Valour wrote:Likewise the new E7205 "Granite Bay" boards get incredible memory bandwidth scores but their 3DMark scores are no higher than any other modern motherboard, meaning that they are great for business uses and any CPU and memory intensive applications but a poor choice for gaming.
What if you are planning on getting a high end AGP card to go with it (like an nVidia GF FX)? As I figure, it no longer matters what kind of 3DMark scores you'd get off the MB itself, since you have a graphics card to handle that. Plus you're getting better performance from the memory than you would with the 845PE/GE MBs. So you would end up with the best of both worlds, right?
High-end ATI cards have lockup issues with the E7205 chipset, so you'd have to use an Nvidia card. That's not a problem, but the thing is why would you spend $250 on a motherboard that isn't going to give you better game performance than one half that price? If you've got a $350 video card already, that's 50% of your game performance right there -- the other 50% being your CPU speed and memory bandwidth, which go hand-in-hand.
Let's imagine that there's a store a mile from your house. There is a 90mph speed limit on the road to the store -- so you can get there pretty quickly. So you get what you need and come back, but the road on the way back has a 45mph speed limit. The road on the way to the store is the CPU speed and the road back is the memory bandwidth. So increasing your CPU speed doesn't get you much -- it gets you to the store faster but it doesn't get you back any quicker.

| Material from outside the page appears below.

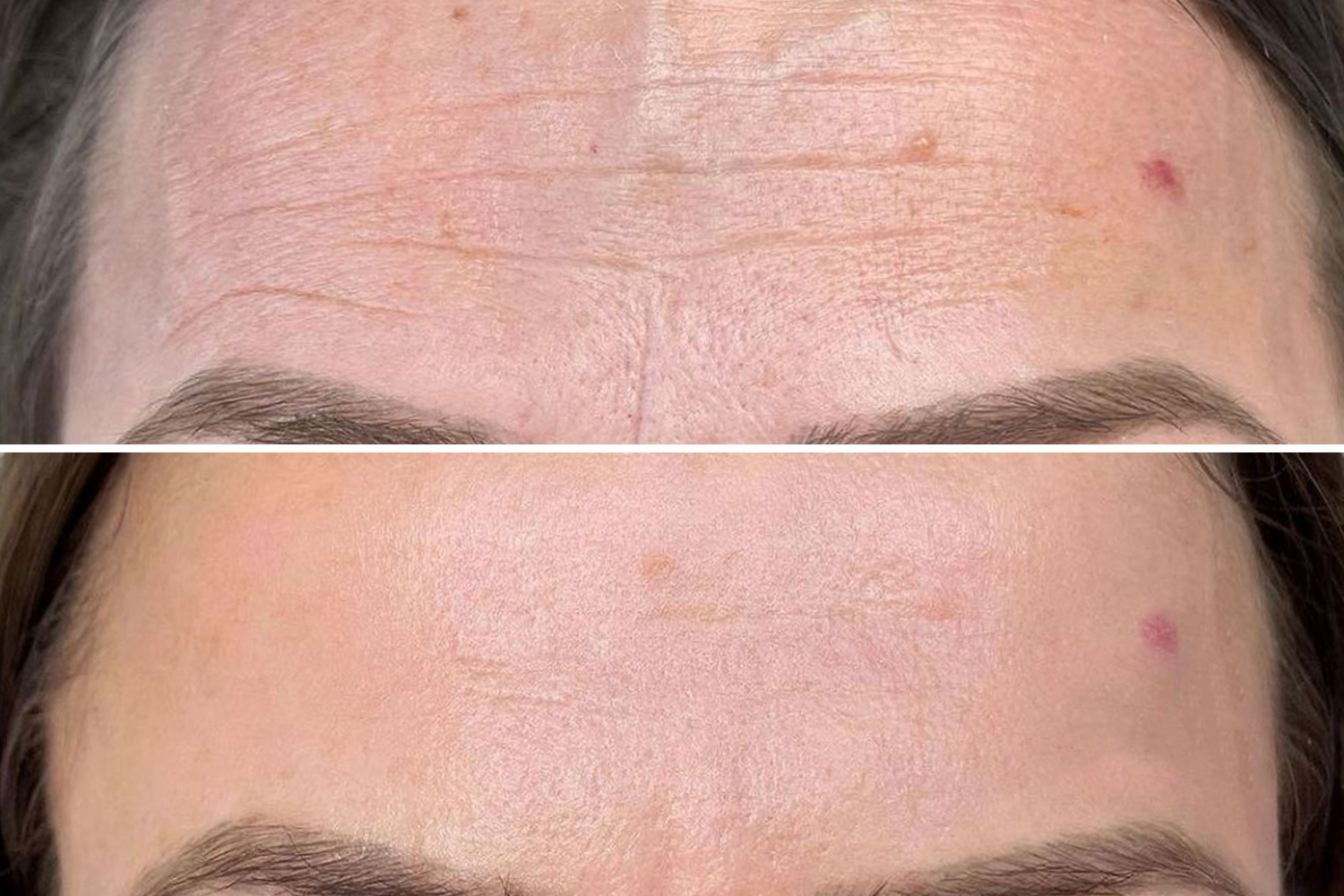 Técnico de PhiIon - Svitlana Bidzilia realizando un tratamiento con microneedling. Técnico de PhiIon - Svitlana Bidzilia realizando un tratamiento con microneedling.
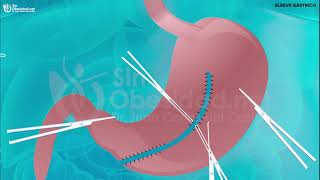 Cirugía bariátrica: Sleeve gástrico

Some chipsets are just good for gaming... the nForce2 gets exceptional 3D performance. The 845GE seems to do slightly better than the 845PE. And the SiS648 with DDR400 is phenomenal. Going back to our analogy, the efficiency of the chipset is like the length and complexity of the road to the store. Ideally the RAM would be integrated into the CPU; this is sort of what cache memory is, but there isn't nearly enough of it to take the place of RAM. So the better the chipset, the faster you can get to the store. Put the same CPU and RAM into a KT400-based board and an nForce2-based board and you'll see how much of a difference a chipset can make. The E7205 chipset may get great memory bandwidth, but the chipset just isn't anything far and above its predecessors. It's just a little bt better, but it costs a lot more. That makes it a poor value, and value is one of the major deciding factors in designing a game system.